The discovery in the late 1990s that autoantibodies target citrullinated proteins changed the face of rheumatoid arthritis research. Although it is not clear whether anti-citrullinated protein antibodies (ACPA) play a pathogenic role in RA or simply reflect some other underlying process or mechanism, these ACPA have a very high specificity for RA. More current research is beginning to unravel the role of autoantibodies in the progression of RA from preclinical to clinical disease.
“We see increasing ACPA autoimmune responses in our RA patients moving from pre-disease to disease,” said Rene Toes, PhD, Professor of Experimental Rheumatology at LUMC Leiden, The Netherlands. “We also see in patients that the ACPA autoantibodies are special. These antibodies are much bigger than other autoimmune antibodies. They are bigger because they are glycosylated, they carry an extra sugar.”
More importantly, Dr. Toes said, ACPA-positive individuals who carry the glycosylated antibody seem much more likely to progress from a healthy preclinical state without symptoms to clinical RA compared to those who have the conventional ACPA that is not glycosylated.

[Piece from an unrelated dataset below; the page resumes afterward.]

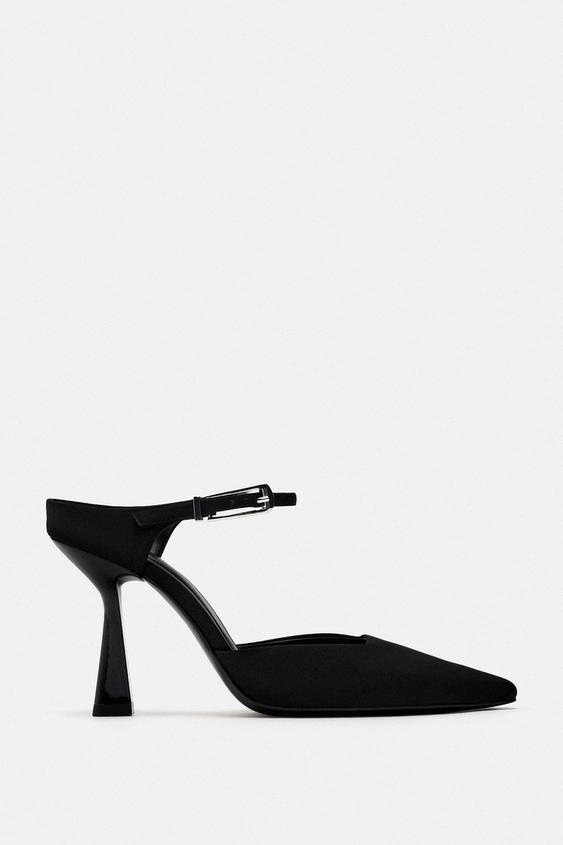 HIGH-HEEL MULES WITH INSTEP STRAP - Black | ZARA South Africa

The newly established association between glycosylated forms of ACPA and progression to RA is just one of the key areas to be explored during the basic science symposium Tipping the Balance From Preclinical Immunity to Overt RA on Sunday from 4:30 – 6:00 pm in Room B304-305, Building B, Georgia World Congress Center. There is growing evidence that mechanisms intended to augment host defenses from microbial pathogens can be recruited during a pathologic autoimmune response to produce the destructive features of RA.
The basic challenge is that many individuals go through an asymptomatic period during which they have detectable levels of circulating of ACPA and no detectable signs or symptoms of RA. The goal is to find a way to use ACPA or some other biomarker that can accurately predict progression and stratify individuals at risk as well as patients who are most appropriate for early treatment.
Alter Galit, PhD, Professor of Medicine at Harvard Medical School and a Group Leader at the Ragon Institute of MGH, MIT, and Harvard, will discuss the regulation of B-cell and antibody effector functions in host defenses. She has found that glycosylation of antibodies can have direct effects on tuning on antibody effector function.
Geog Schett, MD, Professor and Head of Rheumatology and Immunology at the University of Erlangen-Nuremberg, Germany, will offer a new model of the events responsible for the pathological autoimmunity and joint destruction that are typical of RA.
Dr. Toes will discuss what is currently known about the potential role of glycosylation of variable regions of autoantibodies and the role glycosylation may play in the progression to clinical RA.
For now, he said, autoantibody glycosylation appears to be a useful biomarker of likely progression from asymptomatic antibodies to overt RA. But the initial findings need to be replicated and the mechanisms more fully described.
“People who have even early symptoms of RA probably already have these antibodies carrying extra sugars and people who are completely without symptoms probably do not,” he said. “It is very early in the work, but this potential biomarker is performing very well and looks very promising.”